(Stored entries)
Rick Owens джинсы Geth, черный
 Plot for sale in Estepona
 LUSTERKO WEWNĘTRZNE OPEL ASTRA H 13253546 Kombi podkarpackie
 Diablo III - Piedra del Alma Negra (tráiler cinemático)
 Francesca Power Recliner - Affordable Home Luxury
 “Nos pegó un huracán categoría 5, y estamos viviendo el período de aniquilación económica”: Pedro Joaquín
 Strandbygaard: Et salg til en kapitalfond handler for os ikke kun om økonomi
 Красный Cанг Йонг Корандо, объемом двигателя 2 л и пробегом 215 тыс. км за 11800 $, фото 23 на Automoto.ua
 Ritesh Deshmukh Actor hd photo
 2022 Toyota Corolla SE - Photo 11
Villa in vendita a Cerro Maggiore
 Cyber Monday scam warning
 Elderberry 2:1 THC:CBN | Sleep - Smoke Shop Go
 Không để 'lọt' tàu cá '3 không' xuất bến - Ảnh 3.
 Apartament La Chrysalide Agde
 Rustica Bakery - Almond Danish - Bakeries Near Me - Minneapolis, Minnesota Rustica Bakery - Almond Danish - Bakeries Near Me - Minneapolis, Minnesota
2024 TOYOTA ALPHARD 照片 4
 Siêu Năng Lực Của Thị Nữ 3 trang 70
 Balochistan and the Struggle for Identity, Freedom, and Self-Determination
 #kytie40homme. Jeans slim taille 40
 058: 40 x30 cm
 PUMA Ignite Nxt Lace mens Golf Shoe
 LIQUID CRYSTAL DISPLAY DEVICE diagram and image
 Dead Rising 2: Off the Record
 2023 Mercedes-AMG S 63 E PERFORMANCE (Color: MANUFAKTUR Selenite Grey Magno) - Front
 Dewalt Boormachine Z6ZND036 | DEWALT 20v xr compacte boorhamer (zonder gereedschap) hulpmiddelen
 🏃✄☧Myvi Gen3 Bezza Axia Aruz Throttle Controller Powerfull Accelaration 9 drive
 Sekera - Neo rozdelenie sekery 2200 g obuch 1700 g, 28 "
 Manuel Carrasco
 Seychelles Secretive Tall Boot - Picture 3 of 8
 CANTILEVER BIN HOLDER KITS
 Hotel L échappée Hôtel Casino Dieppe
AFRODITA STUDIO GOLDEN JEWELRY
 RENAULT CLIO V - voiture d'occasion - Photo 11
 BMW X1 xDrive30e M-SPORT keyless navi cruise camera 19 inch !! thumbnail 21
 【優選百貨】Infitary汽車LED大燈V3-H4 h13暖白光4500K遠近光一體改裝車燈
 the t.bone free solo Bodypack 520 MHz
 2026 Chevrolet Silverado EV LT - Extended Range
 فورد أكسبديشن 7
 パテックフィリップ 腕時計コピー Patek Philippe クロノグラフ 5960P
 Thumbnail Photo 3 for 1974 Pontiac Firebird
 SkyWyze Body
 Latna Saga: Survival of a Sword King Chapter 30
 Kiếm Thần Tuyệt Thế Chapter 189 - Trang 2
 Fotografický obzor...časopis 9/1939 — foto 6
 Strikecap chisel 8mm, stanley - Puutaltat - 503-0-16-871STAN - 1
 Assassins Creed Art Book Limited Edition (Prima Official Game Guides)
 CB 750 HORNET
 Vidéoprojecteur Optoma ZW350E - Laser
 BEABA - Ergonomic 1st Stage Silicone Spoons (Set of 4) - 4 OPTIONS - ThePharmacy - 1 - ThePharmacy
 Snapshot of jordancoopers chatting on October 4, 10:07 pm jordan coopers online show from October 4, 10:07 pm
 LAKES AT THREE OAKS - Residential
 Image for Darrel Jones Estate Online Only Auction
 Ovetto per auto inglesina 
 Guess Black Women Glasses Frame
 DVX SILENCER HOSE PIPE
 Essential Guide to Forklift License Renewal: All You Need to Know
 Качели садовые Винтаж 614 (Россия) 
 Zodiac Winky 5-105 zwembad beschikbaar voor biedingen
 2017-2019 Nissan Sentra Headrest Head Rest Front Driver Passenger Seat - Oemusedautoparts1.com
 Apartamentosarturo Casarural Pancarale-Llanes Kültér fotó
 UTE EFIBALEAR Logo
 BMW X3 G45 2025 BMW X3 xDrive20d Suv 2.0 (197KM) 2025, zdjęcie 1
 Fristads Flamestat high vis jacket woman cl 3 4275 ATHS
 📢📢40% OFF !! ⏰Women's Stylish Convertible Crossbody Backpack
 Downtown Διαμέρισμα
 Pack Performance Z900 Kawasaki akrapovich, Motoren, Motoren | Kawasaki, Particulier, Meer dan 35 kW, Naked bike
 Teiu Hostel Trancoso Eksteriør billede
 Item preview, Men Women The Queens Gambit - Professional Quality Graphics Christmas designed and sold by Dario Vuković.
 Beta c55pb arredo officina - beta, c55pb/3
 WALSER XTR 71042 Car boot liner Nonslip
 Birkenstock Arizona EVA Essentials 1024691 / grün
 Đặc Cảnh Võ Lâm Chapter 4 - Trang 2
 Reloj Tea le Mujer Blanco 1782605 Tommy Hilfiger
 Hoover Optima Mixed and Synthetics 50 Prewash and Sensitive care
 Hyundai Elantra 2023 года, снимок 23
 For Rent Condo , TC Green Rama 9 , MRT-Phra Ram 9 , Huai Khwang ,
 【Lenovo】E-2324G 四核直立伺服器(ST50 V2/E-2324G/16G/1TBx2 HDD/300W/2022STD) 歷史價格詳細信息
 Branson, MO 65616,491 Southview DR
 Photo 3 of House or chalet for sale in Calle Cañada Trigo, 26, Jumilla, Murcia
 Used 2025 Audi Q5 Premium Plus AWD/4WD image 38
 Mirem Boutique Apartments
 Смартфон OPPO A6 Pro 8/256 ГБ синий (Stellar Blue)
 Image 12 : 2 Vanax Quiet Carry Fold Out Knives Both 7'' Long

*PROBLEM STATEMENT*
An exact copy of the lines from the one with "Apartamentosarturo Casarural Pancarale-Llanes" to the final line of the entries is all that the answer should hold.

*RESULT FOR THIS EXERCISE*
 Apartamentosarturo Casarural Pancarale-Llanes Kültér fotó
 UTE EFIBALEAR Logo
 BMW X3 G45 2025 BMW X3 xDrive20d Suv 2.0 (197KM) 2025, zdjęcie 1
 Fristads Flamestat high vis jacket woman cl 3 4275 ATHS
 📢📢40% OFF !! ⏰Women's Stylish Convertible Crossbody Backpack
 Downtown Διαμέρισμα
 Pack Performance Z900 Kawasaki akrapovich, Motoren, Motoren | Kawasaki, Particulier, Meer dan 35 kW, Naked bike
 Teiu Hostel Trancoso Eksteriør billede
 Item preview, Men Women The Queens Gambit - Professional Quality Graphics Christmas designed and sold by Dario Vuković.
 Beta c55pb arredo officina - beta, c55pb/3
 WALSER XTR 71042 Car boot liner Nonslip
 Birkenstock Arizona EVA Essentials 1024691 / grün
 Đặc Cảnh Võ Lâm Chapter 4 - Trang 2
 Reloj Tea le Mujer Blanco 1782605 Tommy Hilfiger
 Hoover Optima Mixed and Synthetics 50 Prewash and Sensitive care
 Hyundai Elantra 2023 года, снимок 23
 For Rent Condo , TC Green Rama 9 , MRT-Phra Ram 9 , Huai Khwang ,
 【Lenovo】E-2324G 四核直立伺服器(ST50 V2/E-2324G/16G/1TBx2 HDD/300W/2022STD) 歷史價格詳細信息
 Branson, MO 65616,491 Southview DR
 Photo 3 of House or chalet for sale in Calle Cañada Trigo, 26, Jumilla, Murcia
 Used 2025 Audi Q5 Premium Plus AWD/4WD image 38
 Mirem Boutique Apartments
 Смартфон OPPO A6 Pro 8/256 ГБ синий (Stellar Blue)
 Image 12 : 2 Vanax Quiet Carry Fold Out Knives Both 7'' Long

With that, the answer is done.